(THE DATA):
======

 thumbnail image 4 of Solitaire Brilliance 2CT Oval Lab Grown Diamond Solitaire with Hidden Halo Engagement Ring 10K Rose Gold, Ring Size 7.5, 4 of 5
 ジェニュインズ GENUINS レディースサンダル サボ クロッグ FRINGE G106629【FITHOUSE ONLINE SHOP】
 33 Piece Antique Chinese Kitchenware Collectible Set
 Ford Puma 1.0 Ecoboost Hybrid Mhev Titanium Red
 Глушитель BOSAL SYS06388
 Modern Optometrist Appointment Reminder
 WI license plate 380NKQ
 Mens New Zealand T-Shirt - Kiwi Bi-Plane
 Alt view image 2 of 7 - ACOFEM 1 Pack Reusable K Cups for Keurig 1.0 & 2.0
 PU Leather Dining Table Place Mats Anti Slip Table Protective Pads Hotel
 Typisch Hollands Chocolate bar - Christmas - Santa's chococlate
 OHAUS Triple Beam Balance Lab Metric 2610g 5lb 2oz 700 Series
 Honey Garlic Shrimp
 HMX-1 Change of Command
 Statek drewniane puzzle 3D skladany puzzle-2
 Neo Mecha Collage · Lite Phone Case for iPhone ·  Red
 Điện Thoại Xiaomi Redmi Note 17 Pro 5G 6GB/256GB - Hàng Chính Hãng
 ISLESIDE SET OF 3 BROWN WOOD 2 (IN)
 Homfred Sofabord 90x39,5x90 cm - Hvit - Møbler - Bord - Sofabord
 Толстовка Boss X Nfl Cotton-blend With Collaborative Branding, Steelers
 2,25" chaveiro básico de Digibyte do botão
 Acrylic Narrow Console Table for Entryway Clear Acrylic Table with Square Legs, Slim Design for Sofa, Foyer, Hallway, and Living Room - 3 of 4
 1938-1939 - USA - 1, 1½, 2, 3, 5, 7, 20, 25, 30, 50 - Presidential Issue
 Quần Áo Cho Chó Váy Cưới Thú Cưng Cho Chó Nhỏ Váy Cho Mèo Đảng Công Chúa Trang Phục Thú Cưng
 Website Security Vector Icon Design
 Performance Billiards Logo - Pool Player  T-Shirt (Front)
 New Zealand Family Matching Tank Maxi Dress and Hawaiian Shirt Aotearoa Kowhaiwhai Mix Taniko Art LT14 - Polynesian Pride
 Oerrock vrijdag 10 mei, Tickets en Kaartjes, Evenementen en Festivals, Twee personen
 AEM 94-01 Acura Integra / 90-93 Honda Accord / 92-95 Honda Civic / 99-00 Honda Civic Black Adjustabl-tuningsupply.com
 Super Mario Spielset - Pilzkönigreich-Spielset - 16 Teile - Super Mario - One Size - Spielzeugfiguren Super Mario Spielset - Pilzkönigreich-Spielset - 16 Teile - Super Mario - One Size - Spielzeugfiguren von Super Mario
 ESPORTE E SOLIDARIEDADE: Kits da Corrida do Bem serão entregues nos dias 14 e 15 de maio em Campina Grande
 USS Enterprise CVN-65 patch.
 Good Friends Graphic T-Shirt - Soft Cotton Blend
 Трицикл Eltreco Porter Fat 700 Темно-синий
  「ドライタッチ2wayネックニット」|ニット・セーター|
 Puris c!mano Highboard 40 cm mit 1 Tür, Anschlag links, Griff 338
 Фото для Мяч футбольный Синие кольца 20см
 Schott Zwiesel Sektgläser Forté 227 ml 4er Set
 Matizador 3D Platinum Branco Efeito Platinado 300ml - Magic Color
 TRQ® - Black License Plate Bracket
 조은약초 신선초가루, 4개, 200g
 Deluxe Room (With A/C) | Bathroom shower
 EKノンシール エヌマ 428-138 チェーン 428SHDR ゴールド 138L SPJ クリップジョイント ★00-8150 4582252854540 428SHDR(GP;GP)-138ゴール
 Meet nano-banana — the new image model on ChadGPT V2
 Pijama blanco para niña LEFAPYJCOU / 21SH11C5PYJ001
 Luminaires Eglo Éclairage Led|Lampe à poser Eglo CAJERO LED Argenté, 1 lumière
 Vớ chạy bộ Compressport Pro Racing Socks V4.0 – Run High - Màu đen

======

(WHAT THE TASK ASKS):
Among the lines of the listing, count those containing the word "Table". Answer with the count alone.

(TASK RESPONSE):
2